A good source - which is very much worth to study - is our wise Big Bob's legato script (is it a part of his SIPS?)which is not encoded, nor encrypted, nor locked. Just to see with your very eyes those decisions I was talking about. You said you want a realistic legato? Well, the "realistic" lies in lots of lots of small details. The more you take care of those details, the more realistic your legato will sound.
Just to give you some obvious examples: 
Mike Greene said for him a hammer-on legato note will sound 100% the same no matter the distance the last note before that was. And he is right: yes, that happens for real. Well...there are still some minor differences, but you can safely neglect them.
But let's see the behaviour in the pull-off case. Does a pulled-off 6th E note sound the same when the last note was F, one half-tone higher, and when the former note was G# (one major third higher)? Obviously not  The closer the former note was, the more the pulled-off note will sound like "picked closer to the bridge (just turn your guitar upside-down, and do the pulloffs with your right hand; you cannot overlook the resemblance to the "picked-next-to-bridge" case. The further upwards on the neck the former note is, the more will it sound like a "picked-next-to-the-neck" note)
I was once in a disperate situation, where I was in impossibility to sample new notes (I didn't have the original guitar, which I used years ago, anymore) so I had to simulate those decisions in a script. You can insert a hipass filter on the "legato group", and use the "distance" information to modulate the filter cutoff: the smaller the distance was, the higher the filter cuttoff (hence, the more "castrated" your pull off will sound - thus, simulating the behaviour I was talking about). Well, for the major part of the listeners, it sounded exactly like the real thing... but not for me. The more I got aware of the differences, the crappier seemed to me. Actually, I gave up the whole, and started to sample the whole library from scratch.
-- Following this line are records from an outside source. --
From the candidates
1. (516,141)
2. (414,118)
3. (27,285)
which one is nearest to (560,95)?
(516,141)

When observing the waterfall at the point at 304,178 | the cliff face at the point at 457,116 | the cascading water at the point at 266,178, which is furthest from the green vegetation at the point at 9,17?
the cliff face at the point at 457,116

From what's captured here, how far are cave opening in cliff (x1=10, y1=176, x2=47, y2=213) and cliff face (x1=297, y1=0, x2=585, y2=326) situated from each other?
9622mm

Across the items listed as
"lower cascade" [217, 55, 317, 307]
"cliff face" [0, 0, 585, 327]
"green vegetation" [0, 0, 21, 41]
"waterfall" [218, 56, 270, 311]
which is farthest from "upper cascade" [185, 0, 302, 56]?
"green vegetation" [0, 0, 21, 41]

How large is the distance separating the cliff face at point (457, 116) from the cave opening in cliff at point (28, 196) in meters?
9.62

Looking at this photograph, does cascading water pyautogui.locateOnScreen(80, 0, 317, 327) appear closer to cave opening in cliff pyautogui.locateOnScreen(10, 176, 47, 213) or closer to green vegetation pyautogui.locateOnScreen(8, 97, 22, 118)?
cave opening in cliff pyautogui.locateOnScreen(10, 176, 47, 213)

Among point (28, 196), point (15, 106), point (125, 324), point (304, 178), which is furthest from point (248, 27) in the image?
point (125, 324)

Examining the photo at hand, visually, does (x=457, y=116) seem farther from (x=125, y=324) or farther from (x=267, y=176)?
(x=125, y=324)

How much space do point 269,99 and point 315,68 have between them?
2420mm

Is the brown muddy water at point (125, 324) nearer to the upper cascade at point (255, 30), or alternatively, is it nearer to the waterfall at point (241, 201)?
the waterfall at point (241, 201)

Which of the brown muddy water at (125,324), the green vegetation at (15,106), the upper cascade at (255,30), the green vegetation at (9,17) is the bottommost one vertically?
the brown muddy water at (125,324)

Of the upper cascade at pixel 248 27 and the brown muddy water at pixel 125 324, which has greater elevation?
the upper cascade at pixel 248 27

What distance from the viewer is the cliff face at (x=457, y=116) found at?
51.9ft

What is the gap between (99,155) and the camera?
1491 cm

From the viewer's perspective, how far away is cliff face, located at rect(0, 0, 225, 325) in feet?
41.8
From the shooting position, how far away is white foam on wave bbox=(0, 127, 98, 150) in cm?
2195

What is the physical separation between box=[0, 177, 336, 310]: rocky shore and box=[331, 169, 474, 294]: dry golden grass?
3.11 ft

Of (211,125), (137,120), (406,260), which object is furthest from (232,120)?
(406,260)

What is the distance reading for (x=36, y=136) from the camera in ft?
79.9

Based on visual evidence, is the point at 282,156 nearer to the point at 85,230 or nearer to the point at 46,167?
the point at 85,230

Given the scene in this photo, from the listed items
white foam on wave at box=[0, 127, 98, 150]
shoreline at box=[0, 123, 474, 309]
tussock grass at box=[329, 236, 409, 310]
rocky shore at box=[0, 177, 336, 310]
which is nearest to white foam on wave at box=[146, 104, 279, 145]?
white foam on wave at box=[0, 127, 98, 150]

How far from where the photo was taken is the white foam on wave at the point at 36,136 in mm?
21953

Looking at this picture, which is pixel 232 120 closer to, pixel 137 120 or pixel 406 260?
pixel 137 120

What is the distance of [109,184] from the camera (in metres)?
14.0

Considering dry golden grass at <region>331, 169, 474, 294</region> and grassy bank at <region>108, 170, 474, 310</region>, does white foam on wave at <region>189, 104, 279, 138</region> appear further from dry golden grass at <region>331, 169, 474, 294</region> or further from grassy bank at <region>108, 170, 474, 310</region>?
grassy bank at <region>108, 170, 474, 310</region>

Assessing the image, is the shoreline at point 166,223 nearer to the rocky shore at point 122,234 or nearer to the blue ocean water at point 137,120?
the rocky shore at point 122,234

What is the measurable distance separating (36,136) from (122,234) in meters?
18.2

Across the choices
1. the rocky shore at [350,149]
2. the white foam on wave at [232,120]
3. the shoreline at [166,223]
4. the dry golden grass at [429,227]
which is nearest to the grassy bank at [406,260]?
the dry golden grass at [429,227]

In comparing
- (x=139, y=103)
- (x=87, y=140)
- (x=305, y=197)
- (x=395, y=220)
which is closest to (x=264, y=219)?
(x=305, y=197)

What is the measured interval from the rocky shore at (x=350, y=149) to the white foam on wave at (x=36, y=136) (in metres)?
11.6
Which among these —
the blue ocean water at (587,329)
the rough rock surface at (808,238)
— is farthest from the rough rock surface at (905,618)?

This was one problem, but there are a lot more problems. What about this one? The stronger will you hammer-on a note, the higher its starting pitch will be - for obvious reasons. Please believe me, these things are hearable. You want a realistic legato? then you have to simulate that. A pitch envelope will be needed - modulated by the velocity of your hammer-on note.
What about - read this carefuly, please - the things that happen to the FORMER note BEFORE you actually play a pull-off?). No matter how carefully you play a pull-off, you'll bend up the string right before the transition happens. You want a realistic legato? You have to take care of that (once the former note was started, no pitch envelope late manipulation will work; you will have to write a change_tune loop). There is no workaround.
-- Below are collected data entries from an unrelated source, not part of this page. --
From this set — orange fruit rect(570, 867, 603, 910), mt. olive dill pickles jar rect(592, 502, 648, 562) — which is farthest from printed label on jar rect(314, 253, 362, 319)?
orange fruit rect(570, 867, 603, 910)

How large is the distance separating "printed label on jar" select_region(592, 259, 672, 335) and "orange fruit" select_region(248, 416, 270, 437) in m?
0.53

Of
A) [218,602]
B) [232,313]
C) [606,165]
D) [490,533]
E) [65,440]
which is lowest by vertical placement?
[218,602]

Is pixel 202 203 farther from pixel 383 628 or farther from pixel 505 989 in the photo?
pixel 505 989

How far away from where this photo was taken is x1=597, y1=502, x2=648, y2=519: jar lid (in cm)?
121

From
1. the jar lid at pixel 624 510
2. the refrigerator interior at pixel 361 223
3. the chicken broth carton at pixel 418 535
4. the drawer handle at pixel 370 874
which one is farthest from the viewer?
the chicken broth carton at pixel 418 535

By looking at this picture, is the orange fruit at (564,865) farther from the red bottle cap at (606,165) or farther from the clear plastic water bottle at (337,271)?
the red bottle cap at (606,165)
Fortunately, you can avoid all these problems with a single, total, move: Sample all possible transitions, in all possible velocities, and you'll live happy.
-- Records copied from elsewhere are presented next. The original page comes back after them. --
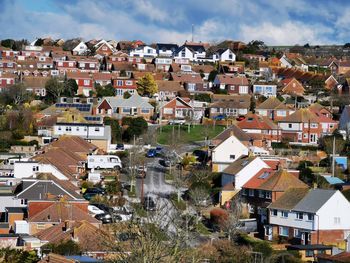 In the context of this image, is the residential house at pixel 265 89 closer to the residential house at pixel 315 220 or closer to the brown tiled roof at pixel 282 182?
the brown tiled roof at pixel 282 182

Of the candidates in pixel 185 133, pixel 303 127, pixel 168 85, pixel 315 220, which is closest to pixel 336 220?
pixel 315 220

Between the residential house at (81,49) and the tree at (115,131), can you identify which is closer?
the tree at (115,131)

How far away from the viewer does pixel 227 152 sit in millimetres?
50219

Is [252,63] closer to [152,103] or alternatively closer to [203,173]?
[152,103]

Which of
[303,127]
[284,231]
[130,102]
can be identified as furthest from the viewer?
[130,102]

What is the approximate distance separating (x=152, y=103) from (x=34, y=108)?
363 inches

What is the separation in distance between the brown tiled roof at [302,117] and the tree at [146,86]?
549 inches

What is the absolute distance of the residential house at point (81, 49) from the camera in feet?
309

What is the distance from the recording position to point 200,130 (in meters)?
60.5

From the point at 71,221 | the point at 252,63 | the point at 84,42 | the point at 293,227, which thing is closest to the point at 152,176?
the point at 293,227

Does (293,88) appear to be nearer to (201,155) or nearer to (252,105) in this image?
(252,105)

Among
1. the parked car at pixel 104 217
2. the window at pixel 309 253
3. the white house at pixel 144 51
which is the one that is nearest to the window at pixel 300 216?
the window at pixel 309 253

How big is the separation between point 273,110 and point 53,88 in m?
16.4

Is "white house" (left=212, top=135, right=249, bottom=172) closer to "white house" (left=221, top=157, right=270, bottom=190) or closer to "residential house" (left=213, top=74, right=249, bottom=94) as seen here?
"white house" (left=221, top=157, right=270, bottom=190)
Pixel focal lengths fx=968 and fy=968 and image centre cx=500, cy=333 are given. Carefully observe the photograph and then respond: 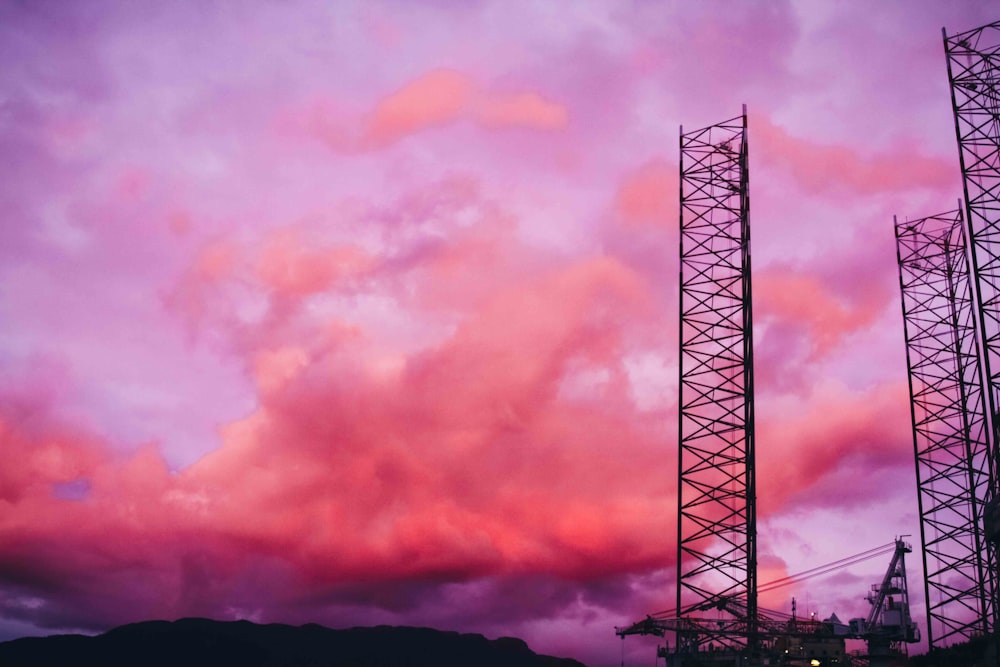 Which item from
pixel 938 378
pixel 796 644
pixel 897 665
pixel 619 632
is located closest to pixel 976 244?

This last case (the things happening BEFORE the transition) solves the dilema "should I sample the whole transitions, and keep some sound flesh before the transition" versus "should I sample just de transition itself, and cut out everything happening before". If you want a realistic legato, you have to chose the first halve of the sentence. 
The same about the decision "should I sample short transitions, and then, once they happen, crossfade to the real long note?" or rather "should I sample the whole long note after the transition?" Obviously, because of the sound difference in the long pull-off note (which I talked about before) it's easier to take the right decision: sample the transition and keep the whole, long, note after it. Any other decisions could be valid for another type of instruments. But for guitar, you have to take these decisions if you want a realistic legato. There is no simple workaround to this.
And anyway there are lots of decisions you should take about the whole library, not only the legato-related decisions. These decisions are very time-consuming, and it's better to have them clearly in your head before you actually start sampling. Want an example? Look, one of many: the legato happens in a longer time than a regular note; from my experience, under 40 ms you don't even need to start thinking. Now: when your library is done, and you do your first programming and recording, you will find, the hard way, that all the normal notes are pretty much in time, and all your legato notes are unbearably late. That will be the moment for you, to repeatedly use the F word, and start adding an empty 40 msec zone at the start of EACH "normal note" sample file. This was just one example. I've been there. It's an ugly moment, and I see no reason I wouldn't spare you such moments.
I hope it helps.
Mozil


----------